= Duke of Touraine =

Title in the Peerage of France

Duke of Touraine was a title in the Peerage of France, relating to Touraine.

Arms of Philip the Bold as Duke of Touraine. Nowadays, they are arms of Touraine and Indre-et-Loire

It was first created in 1360 for Philip the Bold, youngest son of King John II of France. He returned the duchy to the Crown in 1363 on being made Duke of Burgundy and died in 1404.

The next creation was in 1386 for Louis, youngest son of King Charles V of France. He returned the duchy to the Crown in 1392 on being made Duke of Orléans and died in 1407.

The third creation was in 1401 for John, fourth son of King Charles VI of France. He became Dauphin of France in 1415 and died unmarried in 1417.

The next creation was in 1416 for Charles, youngest son of King Charles VI of France, who succeeded his brother as dauphin in 1417. He succeeded as King Charles VII of France in 1422 when the title merged in the Crown.
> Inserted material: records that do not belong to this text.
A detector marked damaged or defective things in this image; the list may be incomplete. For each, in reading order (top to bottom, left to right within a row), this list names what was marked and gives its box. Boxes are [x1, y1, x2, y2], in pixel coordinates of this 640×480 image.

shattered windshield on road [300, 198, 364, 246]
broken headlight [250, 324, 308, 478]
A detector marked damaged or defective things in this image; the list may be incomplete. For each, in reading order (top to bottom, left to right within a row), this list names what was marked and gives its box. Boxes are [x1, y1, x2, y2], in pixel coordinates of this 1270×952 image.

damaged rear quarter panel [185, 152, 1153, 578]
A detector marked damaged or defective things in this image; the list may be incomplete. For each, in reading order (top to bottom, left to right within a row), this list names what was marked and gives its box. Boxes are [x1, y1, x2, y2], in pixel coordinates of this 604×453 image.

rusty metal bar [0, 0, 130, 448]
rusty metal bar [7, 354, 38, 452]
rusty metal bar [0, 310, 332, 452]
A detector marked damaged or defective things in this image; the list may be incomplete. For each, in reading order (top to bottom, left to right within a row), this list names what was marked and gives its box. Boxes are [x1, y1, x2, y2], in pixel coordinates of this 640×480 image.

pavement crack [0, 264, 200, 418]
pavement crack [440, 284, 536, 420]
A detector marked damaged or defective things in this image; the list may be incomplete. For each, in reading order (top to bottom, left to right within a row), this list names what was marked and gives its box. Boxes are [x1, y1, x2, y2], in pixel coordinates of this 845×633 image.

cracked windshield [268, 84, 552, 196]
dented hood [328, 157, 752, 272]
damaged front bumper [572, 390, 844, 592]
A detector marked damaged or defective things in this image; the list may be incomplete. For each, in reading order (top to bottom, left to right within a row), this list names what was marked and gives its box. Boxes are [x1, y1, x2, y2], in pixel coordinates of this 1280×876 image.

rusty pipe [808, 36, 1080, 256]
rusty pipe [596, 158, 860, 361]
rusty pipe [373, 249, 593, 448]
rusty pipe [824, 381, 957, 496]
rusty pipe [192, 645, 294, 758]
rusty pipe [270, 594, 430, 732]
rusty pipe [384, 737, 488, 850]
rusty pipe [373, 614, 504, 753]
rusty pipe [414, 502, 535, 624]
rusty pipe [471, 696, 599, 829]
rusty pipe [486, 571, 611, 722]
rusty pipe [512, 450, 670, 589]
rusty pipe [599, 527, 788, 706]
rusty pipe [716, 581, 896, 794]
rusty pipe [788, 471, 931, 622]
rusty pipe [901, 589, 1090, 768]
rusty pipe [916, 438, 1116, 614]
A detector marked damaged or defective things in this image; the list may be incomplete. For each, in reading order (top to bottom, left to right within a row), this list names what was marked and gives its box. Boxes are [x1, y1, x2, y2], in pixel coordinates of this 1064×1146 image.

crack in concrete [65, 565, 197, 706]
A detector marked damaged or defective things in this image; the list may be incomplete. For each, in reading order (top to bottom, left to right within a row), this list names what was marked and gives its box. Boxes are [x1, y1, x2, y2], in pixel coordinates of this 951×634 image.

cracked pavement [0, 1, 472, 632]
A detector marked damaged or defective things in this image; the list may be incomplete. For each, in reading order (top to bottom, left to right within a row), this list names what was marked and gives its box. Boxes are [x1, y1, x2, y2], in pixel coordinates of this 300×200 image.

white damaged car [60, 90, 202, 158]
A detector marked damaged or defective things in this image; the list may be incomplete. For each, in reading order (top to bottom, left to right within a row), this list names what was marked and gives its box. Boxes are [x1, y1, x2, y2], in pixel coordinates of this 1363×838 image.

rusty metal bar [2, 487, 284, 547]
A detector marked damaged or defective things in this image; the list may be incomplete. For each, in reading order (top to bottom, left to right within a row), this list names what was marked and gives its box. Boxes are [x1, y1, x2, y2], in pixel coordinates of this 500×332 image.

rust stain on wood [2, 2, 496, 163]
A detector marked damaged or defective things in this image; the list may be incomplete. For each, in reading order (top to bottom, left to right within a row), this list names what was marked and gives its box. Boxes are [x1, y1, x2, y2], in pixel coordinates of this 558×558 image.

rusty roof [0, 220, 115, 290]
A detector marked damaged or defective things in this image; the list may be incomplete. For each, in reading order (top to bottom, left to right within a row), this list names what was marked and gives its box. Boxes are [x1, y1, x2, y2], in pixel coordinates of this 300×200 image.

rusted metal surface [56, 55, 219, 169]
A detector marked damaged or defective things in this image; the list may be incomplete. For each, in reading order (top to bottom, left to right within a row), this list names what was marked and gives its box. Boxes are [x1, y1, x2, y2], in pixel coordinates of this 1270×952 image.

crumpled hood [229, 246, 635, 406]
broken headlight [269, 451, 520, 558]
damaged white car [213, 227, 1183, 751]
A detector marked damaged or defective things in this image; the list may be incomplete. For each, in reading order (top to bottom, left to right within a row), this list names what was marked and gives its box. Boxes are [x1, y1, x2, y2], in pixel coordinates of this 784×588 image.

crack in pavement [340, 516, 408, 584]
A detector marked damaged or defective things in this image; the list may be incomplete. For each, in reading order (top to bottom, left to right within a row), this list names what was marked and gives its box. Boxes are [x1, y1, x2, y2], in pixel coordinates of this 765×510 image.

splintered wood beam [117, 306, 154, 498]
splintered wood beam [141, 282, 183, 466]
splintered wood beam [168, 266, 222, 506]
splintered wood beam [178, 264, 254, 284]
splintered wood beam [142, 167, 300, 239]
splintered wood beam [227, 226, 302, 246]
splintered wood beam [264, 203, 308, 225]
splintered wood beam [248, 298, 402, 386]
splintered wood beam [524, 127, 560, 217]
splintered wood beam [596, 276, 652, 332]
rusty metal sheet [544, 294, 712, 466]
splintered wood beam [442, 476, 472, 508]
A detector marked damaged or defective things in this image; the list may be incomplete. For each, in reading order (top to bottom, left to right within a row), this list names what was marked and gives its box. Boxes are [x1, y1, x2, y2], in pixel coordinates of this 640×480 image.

The fifth creation was in 1423 for the Scottish nobleman Archibald Douglas, 4th Earl of Douglas, a commander on the French side in the Hundred Years' War. He was killed at the Battle of Verneuil in 1424. His son Lord Wigtown, absent in Scotland, was believed in France to have died without issue, so the title was presumed extinct. When it became apparent that Wigtown had succeeded his father as Earl of Douglas, he was confirmed in the title Duke of Touraine, though not the lands. He died in 1439 and the male line of the fourth Earl of Douglas became extinct on the death of William Douglas, 6th Earl of Douglas, the following year.

The land of Touraine was given, by letters-patent in Bourges on 21 October 1424, to Duke Louis III of Anjou.

On 8th September 1434, the title was awarded to Sir John FitzAlan, 7th Earl of Arundel while fighting for the English in the Hundred Years’ War. The grant was made as a reward for his campaigns in France and in the hope that he would do service in the area. John was very successful with his campaigns, he made a big presence in France. He died in 1435 from a battle wound in the Battle of Gerberoy. Which then the title most probably went back under French rule.

In 1528, the land of Touraine was given by King Francis I of France to his mother, Louise of Savoy, in exchange for the Duchy of Nemours, given to her in 1523.

The next creation was in 1576 for Francis, youngest son of King Henry II of France, who was created Duke of Anjou and Berry at the same time. He died unmarried in 1584, when the title became extinct.

== Modern courtesy title ==
The title of "Duke of Touraine" was awarded in 1981 by the legitimist pretender, Alfonso, Duke of Anjou and Cádiz, to his second son, Louis Alphonse. Following his brother's death in 1984 and that of his father in 1989, he respectively became, under the same pretension, "Duke of Bourbon" and "Duke of Anjou". He is the current legitimist pretender to the title of King of France as "Louis XX".

He, in turn, re-created the title for his third son, Henri, born 1 February 2019; having previously conferred on his twin sons, the titles of "Dauphin of France, Duke of Burgundy" and "Duke of Berry" respectively.